No temple ceremony, wedding celebration, or dance-drama is complete without a clown or two to liven up the performance.

Just as the Javanese venerate their clownish panakawan, the Balinese believe there is a strong connection between the comic and the divine. The laughter is a kind of offering, making the tales' morals more memorable. It also keeps the classics from becoming too ossified.

The clowns and courtiers deal with themes of topical interest and practical value. For example, to dispel some of the tension generated by insensitive tourists, clowns have even invented a caricature of a tourist. He is a disruptive, bad-mannered, wooden-nosed buffoon wearing a ridiculous trench coat and galoshes, with a swinging camera on his shoulder.

Immensely popular, this character helps the Balinese preserve their dignity. By dramatizing and satirizing contemporary problems and lampooning historical chronicles and heroes, these wily bands of sacred merrymakers establish a continuity between past and present that reassures the Balinese in their attempts to cope with a bewilderingly changing world.

As mass tourism and commercial development poise to destroy traditional Bali, the clowns show the people how foolish they can be. All the laughter and self-mockery serves as a catharsis. For all these reasons, the Balinese clown is looked upon not only as an entertainer but also as a highly respected spiritual guide, filling a special role in Balinese and national culture.

Political parties use clowns to address prickly issues and woo voters. During Balinese political rallies, opponents often mimic the clown's absurd, singsong tonal alterations. In his wonderful book Subversive Laughter (Free Press, 1994), the theater historian Ron Jenkins writes, "Claiming the margin as center, the clown is the personification of cultural resistance."
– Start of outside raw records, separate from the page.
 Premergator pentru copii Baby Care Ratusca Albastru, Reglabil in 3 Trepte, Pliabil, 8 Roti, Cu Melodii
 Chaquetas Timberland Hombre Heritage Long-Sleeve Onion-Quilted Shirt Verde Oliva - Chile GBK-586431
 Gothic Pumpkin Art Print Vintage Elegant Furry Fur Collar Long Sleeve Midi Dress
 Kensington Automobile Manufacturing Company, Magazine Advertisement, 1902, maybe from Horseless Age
Bebanyolan undergo rigorous physical and intellectual training. From childhood they receive instruction in voice and dance, as well as in the religious literature and historical chronicles of the island. Their mastery of the old religious texts equals that of Balinese priests.
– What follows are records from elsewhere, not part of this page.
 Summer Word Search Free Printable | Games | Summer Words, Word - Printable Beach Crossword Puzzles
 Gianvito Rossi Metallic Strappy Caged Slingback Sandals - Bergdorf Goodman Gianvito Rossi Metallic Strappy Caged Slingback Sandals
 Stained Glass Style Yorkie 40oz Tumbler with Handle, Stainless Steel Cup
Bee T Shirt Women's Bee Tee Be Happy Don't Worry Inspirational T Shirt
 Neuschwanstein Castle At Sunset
The clowns are master linguists as well as superlative comedians, singing their parts in ancient Kawi, modern Indonesian, and Balinese. The Bebanyolan improvisational skills are masterful. Not having to adhere to a rigid script, they constantly improvise, a fact that renders their verbal proficiency even more startling.

If the play is before a group of tourists, smart-alecky phrases in English pepper the performance. The clowns' talents can best be appreciated viewing the masked Topeng Theater, a highly charged and still popular Wayang form on Bali.

Royal characters speaking the higher literary verse are usually accompanied by a comic servant speaking the common idiom. Except for a few expressions, most Balinese don't know the old language. Consequently, the clowns play the same role of plot commentator as Shakespearean fools do.

The clown, of course, falls prey to all the temptations that the princely character spurns, and when he performs a classical dance there is always something a little bit wrong or uncoordinated with each gesture, all of which sends the audience into hysterics.

Few realize that this subtle burlesque requires a higher degree of technique and muscular control than the proper dance.